[Task requirements] In the listing below, the answer starts at the line that has "Epingle Sur Table Jardin" and stops after the line that has "pocox7pro|موبایل|بناب, |دیوار"; please repeat that part exactly and nothing more.

[The data]
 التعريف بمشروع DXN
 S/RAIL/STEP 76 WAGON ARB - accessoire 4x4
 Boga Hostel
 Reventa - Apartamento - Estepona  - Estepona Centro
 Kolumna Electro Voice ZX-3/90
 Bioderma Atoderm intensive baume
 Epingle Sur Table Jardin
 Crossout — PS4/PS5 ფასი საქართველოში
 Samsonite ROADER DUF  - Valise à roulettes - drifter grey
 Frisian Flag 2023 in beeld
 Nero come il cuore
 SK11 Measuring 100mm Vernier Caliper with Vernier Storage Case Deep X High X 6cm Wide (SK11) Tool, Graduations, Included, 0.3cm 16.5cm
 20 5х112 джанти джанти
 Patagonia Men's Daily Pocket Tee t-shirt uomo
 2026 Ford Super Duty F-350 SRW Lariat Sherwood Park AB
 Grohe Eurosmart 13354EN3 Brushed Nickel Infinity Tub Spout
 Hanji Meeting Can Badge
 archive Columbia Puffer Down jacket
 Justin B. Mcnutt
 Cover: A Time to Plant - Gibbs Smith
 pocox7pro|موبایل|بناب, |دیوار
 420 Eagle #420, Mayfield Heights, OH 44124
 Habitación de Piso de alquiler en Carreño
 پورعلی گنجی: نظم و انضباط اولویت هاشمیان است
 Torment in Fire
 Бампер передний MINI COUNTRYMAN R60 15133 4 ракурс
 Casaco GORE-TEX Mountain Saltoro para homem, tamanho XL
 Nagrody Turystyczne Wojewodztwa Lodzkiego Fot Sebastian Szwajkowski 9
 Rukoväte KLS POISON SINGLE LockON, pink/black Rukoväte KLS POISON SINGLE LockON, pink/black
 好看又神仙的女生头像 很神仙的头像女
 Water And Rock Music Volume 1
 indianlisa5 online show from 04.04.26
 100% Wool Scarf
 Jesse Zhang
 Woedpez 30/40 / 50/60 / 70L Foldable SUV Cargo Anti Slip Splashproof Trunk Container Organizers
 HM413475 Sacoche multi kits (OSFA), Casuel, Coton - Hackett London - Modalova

[Task result]
 Epingle Sur Table Jardin
 Crossout — PS4/PS5 ფასი საქართველოში
 Samsonite ROADER DUF  - Valise à roulettes - drifter grey
 Frisian Flag 2023 in beeld
 Nero come il cuore
 SK11 Measuring 100mm Vernier Caliper with Vernier Storage Case Deep X High X 6cm Wide (SK11) Tool, Graduations, Included, 0.3cm 16.5cm
 20 5х112 джанти джанти
 Patagonia Men's Daily Pocket Tee t-shirt uomo
 2026 Ford Super Duty F-350 SRW Lariat Sherwood Park AB
 Grohe Eurosmart 13354EN3 Brushed Nickel Infinity Tub Spout
 Hanji Meeting Can Badge
 archive Columbia Puffer Down jacket
 Justin B. Mcnutt
 Cover: A Time to Plant - Gibbs Smith
 pocox7pro|موبایل|بناب, |دیوار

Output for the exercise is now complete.